■ **Information**:
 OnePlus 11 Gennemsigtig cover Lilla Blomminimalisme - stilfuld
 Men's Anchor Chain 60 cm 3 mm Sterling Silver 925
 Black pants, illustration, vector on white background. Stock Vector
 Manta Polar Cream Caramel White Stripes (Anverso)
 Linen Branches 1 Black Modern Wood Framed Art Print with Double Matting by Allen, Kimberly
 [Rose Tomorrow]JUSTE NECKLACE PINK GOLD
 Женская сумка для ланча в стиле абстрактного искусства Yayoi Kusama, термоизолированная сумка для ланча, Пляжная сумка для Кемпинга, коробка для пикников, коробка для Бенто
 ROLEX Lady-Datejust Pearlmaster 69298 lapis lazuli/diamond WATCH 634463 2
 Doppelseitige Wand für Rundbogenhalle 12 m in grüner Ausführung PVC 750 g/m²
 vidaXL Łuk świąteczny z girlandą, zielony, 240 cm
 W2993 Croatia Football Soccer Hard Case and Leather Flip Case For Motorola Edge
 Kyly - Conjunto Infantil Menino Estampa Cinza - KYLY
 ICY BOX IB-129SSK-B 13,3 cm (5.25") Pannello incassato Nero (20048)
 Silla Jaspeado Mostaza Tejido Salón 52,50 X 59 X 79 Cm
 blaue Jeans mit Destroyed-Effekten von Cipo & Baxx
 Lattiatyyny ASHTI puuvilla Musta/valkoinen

■ **Required action**:
Your answer should be an exact copy of the lines from the one with "blaue Jeans mit" through the end of the material, with no other lines.

■ **Written response**:
 blaue Jeans mit Destroyed-Effekten von Cipo & Baxx
 Lattiatyyny ASHTI puuvilla Musta/valkoinen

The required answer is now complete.